** Working data follows **

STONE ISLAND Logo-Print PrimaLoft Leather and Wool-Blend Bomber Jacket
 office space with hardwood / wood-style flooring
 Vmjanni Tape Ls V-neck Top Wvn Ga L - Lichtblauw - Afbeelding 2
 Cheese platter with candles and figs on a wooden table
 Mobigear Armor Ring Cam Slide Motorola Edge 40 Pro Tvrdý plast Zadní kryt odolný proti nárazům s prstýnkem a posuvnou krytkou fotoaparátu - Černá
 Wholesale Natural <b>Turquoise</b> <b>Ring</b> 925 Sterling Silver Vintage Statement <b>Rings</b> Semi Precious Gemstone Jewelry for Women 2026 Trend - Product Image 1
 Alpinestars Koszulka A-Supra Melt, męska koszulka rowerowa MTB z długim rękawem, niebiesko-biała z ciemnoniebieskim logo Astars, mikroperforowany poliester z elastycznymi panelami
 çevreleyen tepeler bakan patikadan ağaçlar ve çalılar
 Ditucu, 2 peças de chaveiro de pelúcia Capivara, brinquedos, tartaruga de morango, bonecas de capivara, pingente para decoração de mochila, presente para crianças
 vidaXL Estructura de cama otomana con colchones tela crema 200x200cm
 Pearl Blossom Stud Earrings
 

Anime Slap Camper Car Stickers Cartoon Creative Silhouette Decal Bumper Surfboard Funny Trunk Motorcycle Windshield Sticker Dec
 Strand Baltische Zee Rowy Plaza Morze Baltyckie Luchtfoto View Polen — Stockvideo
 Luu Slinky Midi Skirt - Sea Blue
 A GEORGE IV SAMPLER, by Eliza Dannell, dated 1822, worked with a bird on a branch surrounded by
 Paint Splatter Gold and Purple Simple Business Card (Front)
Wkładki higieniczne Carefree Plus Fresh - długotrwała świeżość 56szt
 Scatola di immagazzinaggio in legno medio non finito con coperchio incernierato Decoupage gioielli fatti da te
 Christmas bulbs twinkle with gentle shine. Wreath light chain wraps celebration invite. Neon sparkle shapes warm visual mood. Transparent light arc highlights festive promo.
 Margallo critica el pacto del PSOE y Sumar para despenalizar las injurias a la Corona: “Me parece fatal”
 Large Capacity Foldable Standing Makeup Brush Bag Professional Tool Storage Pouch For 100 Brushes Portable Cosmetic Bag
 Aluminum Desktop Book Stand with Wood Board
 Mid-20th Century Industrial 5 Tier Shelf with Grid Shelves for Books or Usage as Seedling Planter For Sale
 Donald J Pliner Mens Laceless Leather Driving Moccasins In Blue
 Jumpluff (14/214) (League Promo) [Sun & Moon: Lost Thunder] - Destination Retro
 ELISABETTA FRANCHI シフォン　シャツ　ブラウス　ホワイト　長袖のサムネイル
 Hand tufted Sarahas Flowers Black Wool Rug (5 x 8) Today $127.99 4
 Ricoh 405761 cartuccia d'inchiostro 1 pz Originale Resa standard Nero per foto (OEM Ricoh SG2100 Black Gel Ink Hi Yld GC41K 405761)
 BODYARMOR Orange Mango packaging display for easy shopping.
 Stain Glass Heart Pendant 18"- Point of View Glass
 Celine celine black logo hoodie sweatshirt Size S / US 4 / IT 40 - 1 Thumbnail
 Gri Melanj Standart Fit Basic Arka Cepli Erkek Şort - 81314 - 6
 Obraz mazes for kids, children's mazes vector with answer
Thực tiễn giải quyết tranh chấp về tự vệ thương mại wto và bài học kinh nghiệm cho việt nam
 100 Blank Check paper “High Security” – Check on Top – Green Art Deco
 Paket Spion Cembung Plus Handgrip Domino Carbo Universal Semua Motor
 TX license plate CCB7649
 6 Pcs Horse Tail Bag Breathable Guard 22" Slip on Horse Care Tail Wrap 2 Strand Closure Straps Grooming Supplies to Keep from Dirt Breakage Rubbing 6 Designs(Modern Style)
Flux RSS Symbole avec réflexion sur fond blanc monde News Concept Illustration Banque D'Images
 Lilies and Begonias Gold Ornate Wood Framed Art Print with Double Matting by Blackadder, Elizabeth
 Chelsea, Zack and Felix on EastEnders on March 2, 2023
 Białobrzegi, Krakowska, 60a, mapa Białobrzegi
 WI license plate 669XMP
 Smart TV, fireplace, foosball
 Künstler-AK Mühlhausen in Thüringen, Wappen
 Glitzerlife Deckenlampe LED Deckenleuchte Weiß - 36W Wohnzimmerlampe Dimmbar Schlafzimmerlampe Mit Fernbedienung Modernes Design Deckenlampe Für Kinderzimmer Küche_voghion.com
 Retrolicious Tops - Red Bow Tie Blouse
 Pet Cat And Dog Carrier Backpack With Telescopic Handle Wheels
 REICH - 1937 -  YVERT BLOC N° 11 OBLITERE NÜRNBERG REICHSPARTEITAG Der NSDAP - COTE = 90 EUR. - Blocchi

** End of Working data **

Directions:
Copy the lines above exactly, beginning at the line that has "Margallo critica el" and stopping after the line that has "Mid-20th Century Industrial", and omit the rest.

Output:
 Margallo critica el pacto del PSOE y Sumar para despenalizar las injurias a la Corona: “Me parece fatal”
 Large Capacity Foldable Standing Makeup Brush Bag Professional Tool Storage Pouch For 100 Brushes Portable Cosmetic Bag
 Aluminum Desktop Book Stand with Wood Board
 Mid-20th Century Industrial 5 Tier Shelf with Grid Shelves for Books or Usage as Seedling Planter For Sale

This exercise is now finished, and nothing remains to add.